• Exercise prompt
Exclude the images and repeat all remaining entries exactly.

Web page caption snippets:
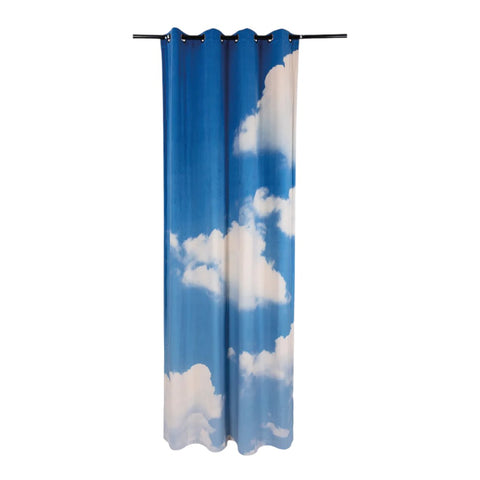 TENDA IN POLIESTERE LEFT CM. 140X280 CLOUDS ART. 02415 SELETTI BLUE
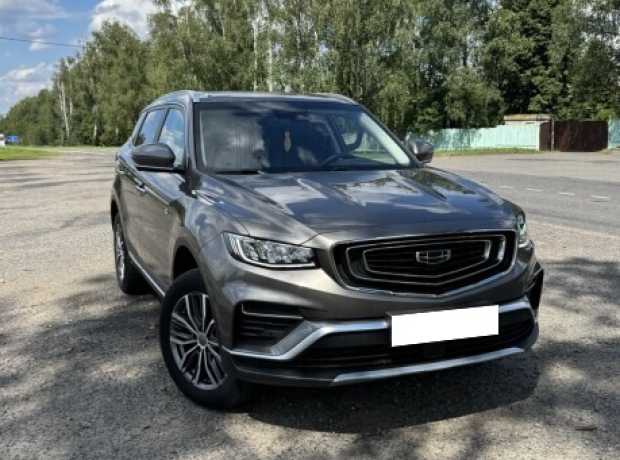 Geely Atlas Pro , 2023, пробег 77897 км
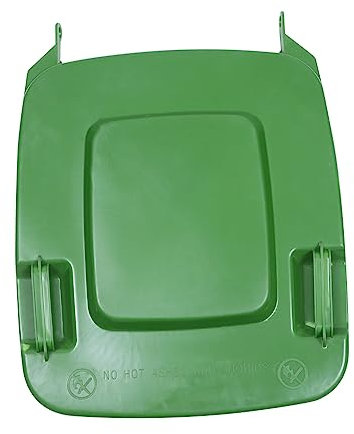 VINTORKY 240L Replacement Lid for Outdoor Waste Bin Plastic Sanitation Lid for Large Trash Can Lid Only Trash Can Not Included
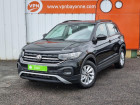 Volkswagen T-cross occasion Noir année 2021 boite Manuelle Annonce Volkswagen T-cross occasion Essence 1.0 TSI 110 S&S Lounge à Arcangues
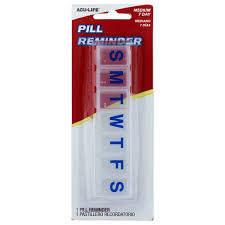 Acu-Life Weekly Pill Reminder Medium-400197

• Solution to this exercise
 TENDA IN POLIESTERE LEFT CM. 140X280 CLOUDS ART. 02415 SELETTI BLUE
 Geely Atlas Pro , 2023, пробег 77897 км
 VINTORKY 240L Replacement Lid for Outdoor Waste Bin Plastic Sanitation Lid for Large Trash Can Lid Only Trash Can Not Included
 Volkswagen T-cross occasion Noir année 2021 boite Manuelle Annonce Volkswagen T-cross occasion Essence 1.0 TSI 110 S&S Lounge à Arcangues
 Acu-Life Weekly Pill Reminder Medium-400197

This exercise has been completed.